**WORK REQUEST:**
From the line with "Camisola de Malha com Contas" to the final line of the data below, please write out every line exactly, with no pictures.

[Short web captions]
****************
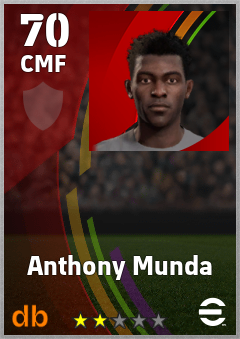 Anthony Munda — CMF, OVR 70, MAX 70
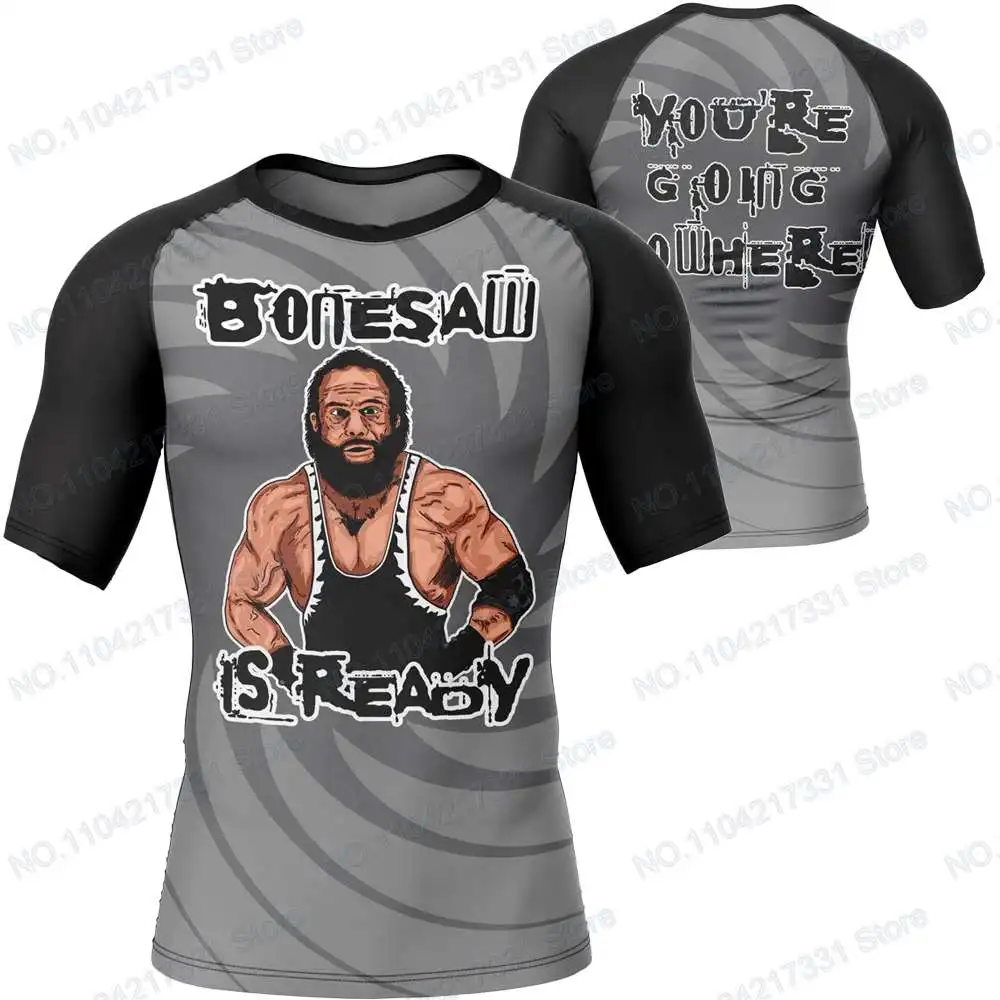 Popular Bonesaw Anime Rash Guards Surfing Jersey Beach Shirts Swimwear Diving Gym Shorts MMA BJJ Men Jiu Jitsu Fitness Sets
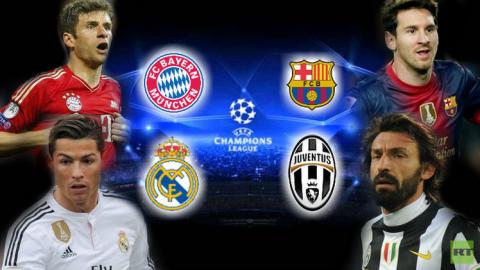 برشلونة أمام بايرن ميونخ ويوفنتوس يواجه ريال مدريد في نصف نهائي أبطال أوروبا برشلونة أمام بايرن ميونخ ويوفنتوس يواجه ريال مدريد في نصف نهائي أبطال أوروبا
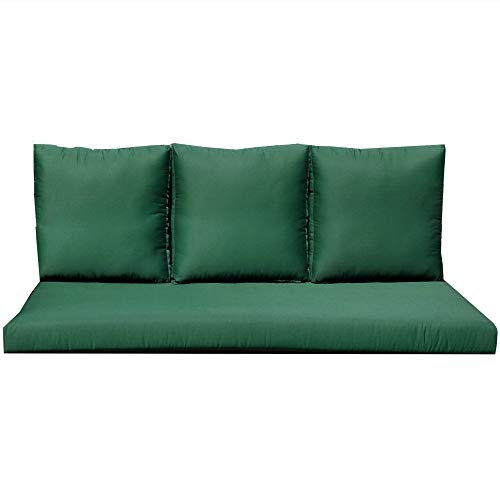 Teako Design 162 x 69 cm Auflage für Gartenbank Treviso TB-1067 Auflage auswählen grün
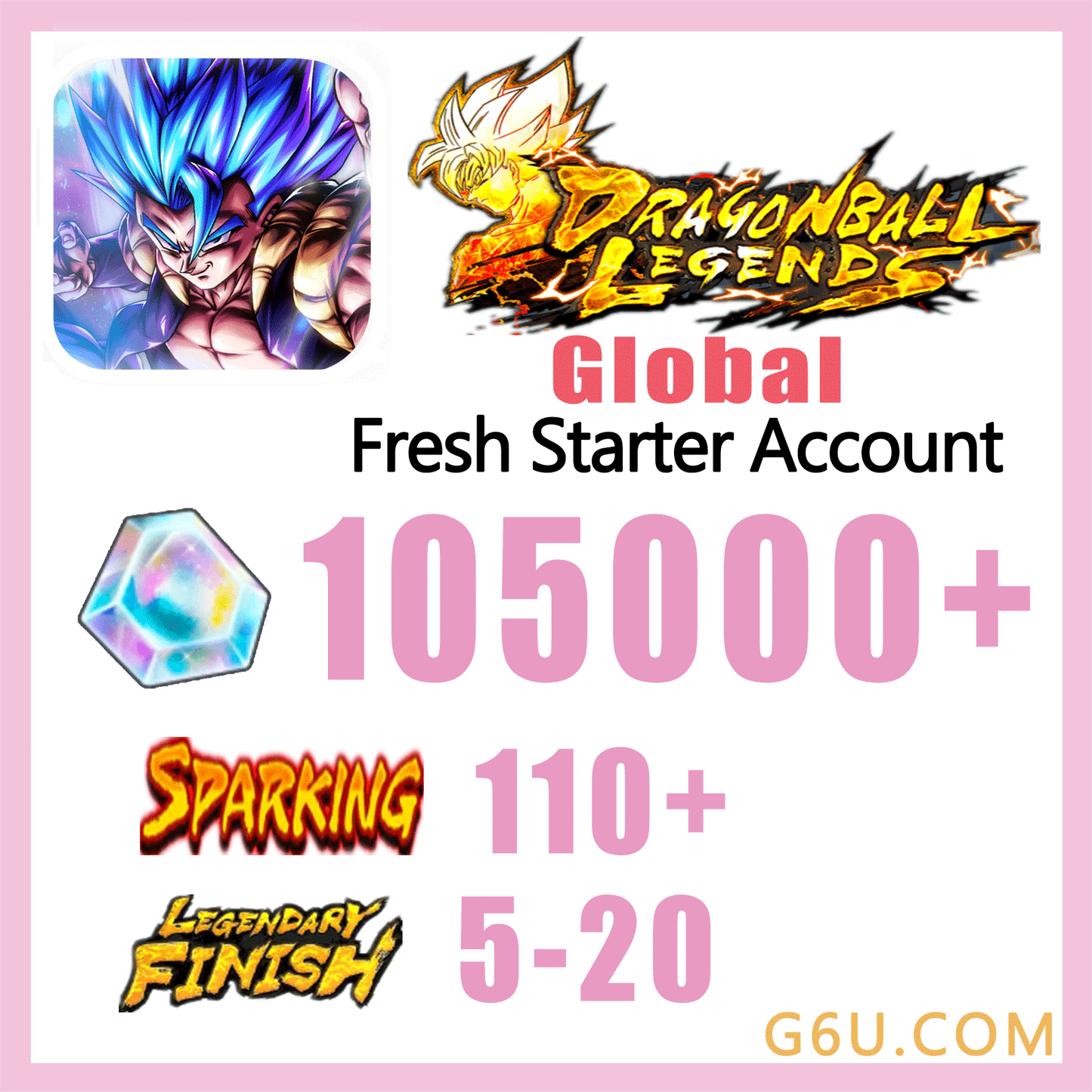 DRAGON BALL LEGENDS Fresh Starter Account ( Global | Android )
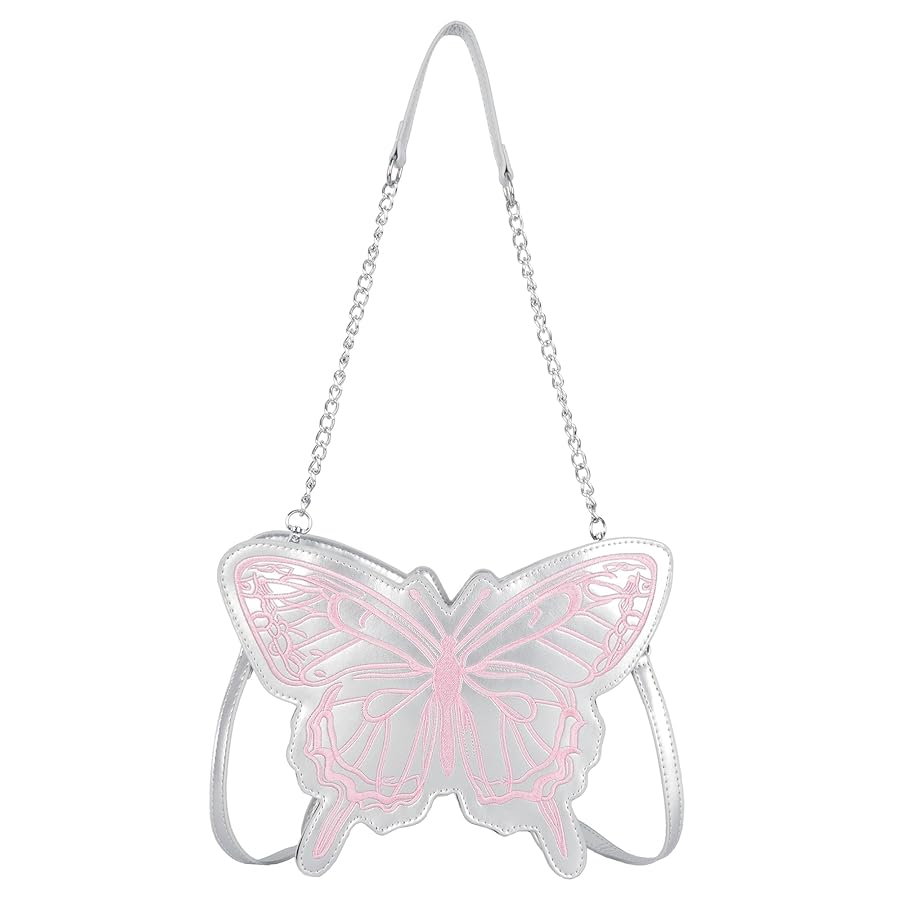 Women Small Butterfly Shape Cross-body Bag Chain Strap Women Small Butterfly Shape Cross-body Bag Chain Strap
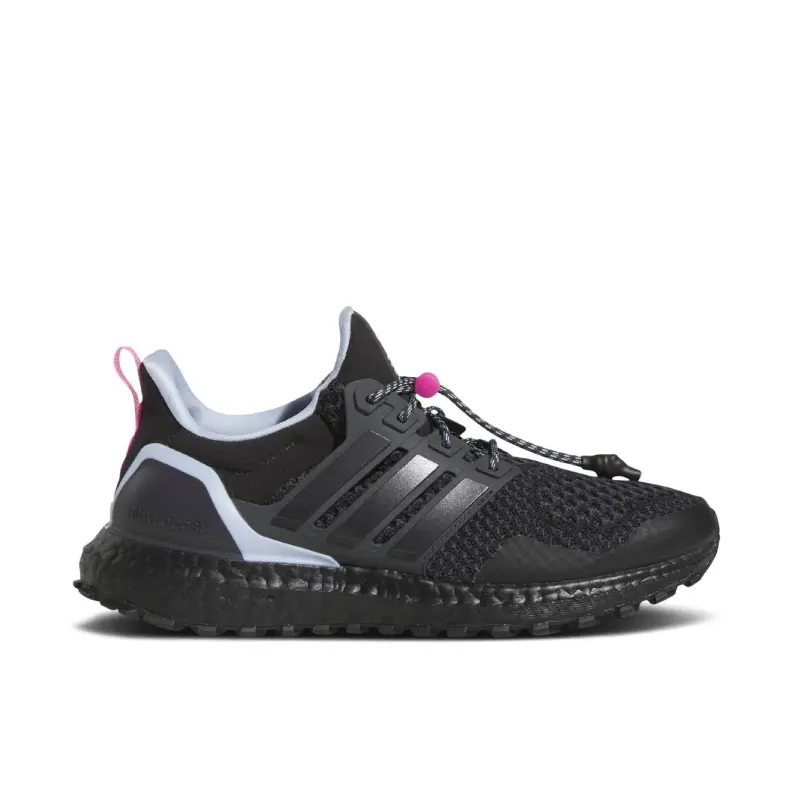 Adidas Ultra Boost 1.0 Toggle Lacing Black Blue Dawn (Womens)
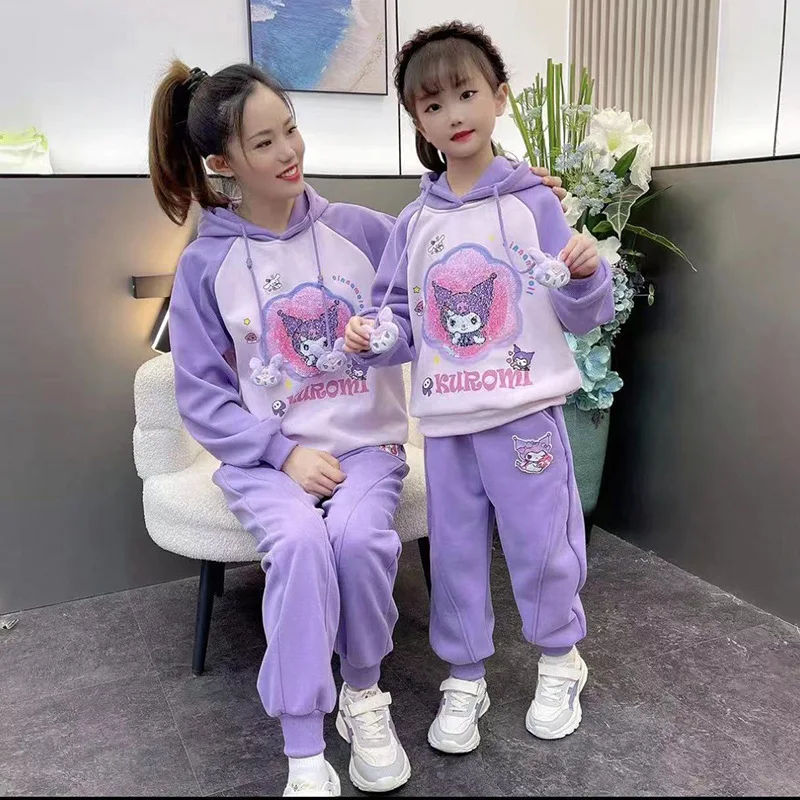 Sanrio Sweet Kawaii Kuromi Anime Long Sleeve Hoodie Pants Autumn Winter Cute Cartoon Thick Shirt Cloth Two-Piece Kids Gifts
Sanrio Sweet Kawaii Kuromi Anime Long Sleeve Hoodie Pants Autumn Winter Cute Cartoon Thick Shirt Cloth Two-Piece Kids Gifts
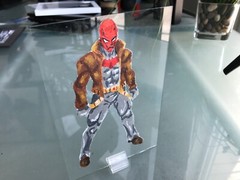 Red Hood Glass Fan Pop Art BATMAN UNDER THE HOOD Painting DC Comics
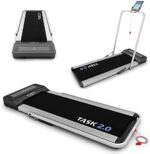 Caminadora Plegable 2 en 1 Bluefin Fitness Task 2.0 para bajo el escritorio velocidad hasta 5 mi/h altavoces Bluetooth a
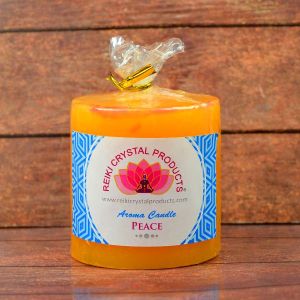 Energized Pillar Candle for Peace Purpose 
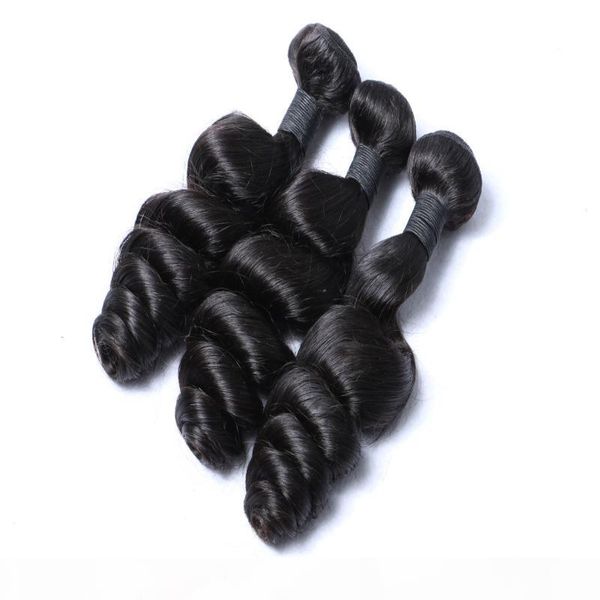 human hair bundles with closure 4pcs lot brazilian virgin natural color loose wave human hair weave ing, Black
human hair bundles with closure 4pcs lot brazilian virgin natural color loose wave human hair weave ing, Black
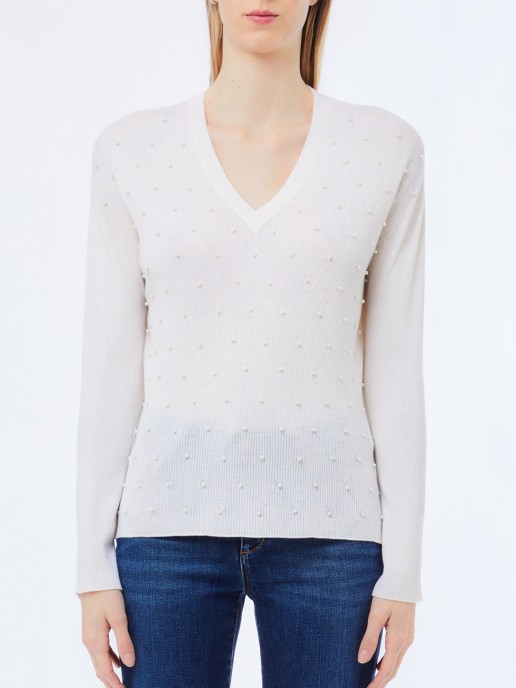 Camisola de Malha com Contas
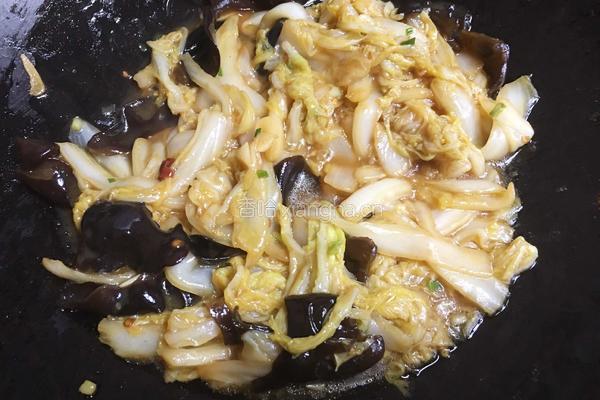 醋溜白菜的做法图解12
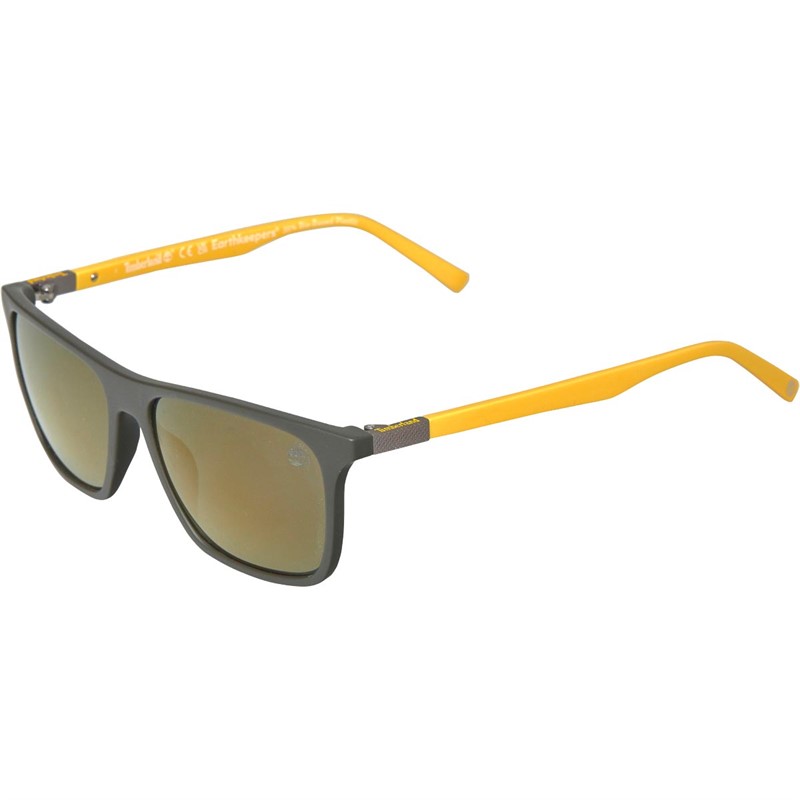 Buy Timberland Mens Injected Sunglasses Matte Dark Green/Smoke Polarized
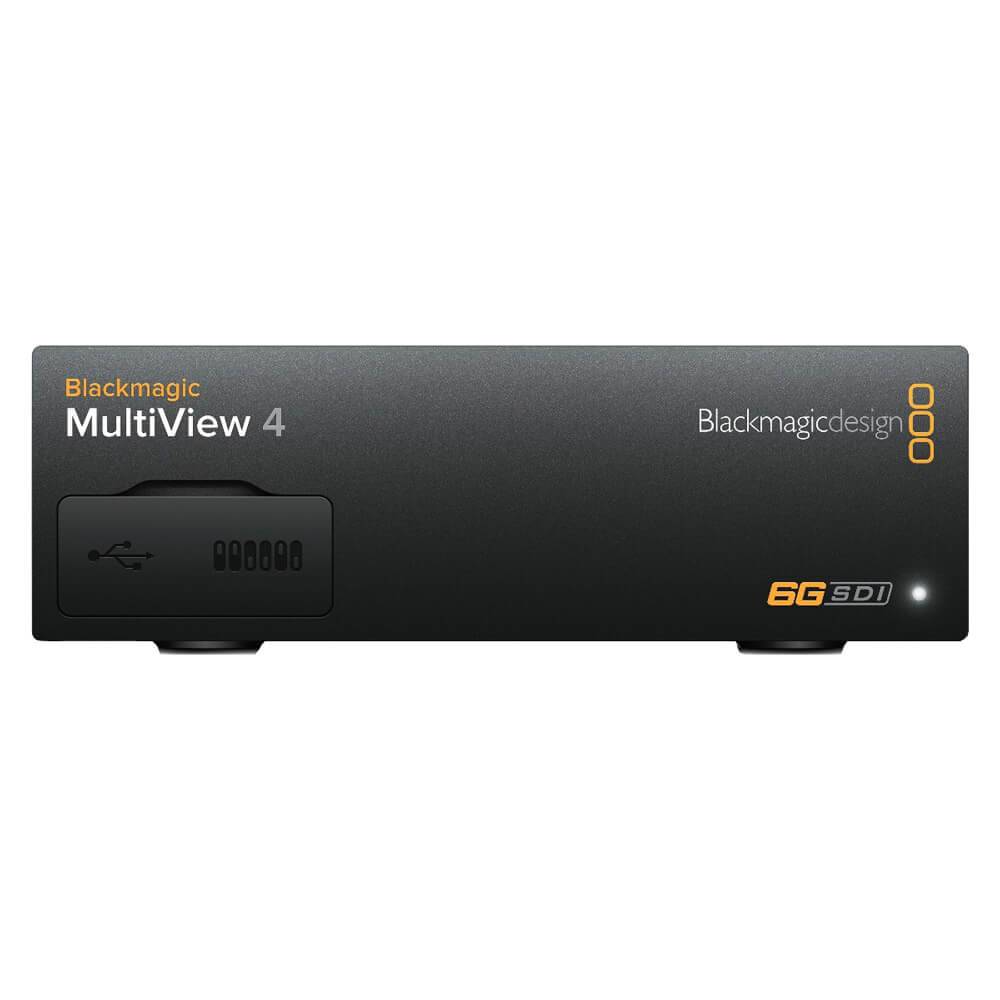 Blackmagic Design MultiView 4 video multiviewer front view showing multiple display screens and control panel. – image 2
****************
**OUTPUT:**
 Camisola de Malha com Contas
 醋溜白菜的做法图解12
 Buy Timberland Mens Injected Sunglasses Matte Dark Green/Smoke Polarized
 Blackmagic Design MultiView 4 video multiviewer front view showing multiple display screens and control panel. – image 2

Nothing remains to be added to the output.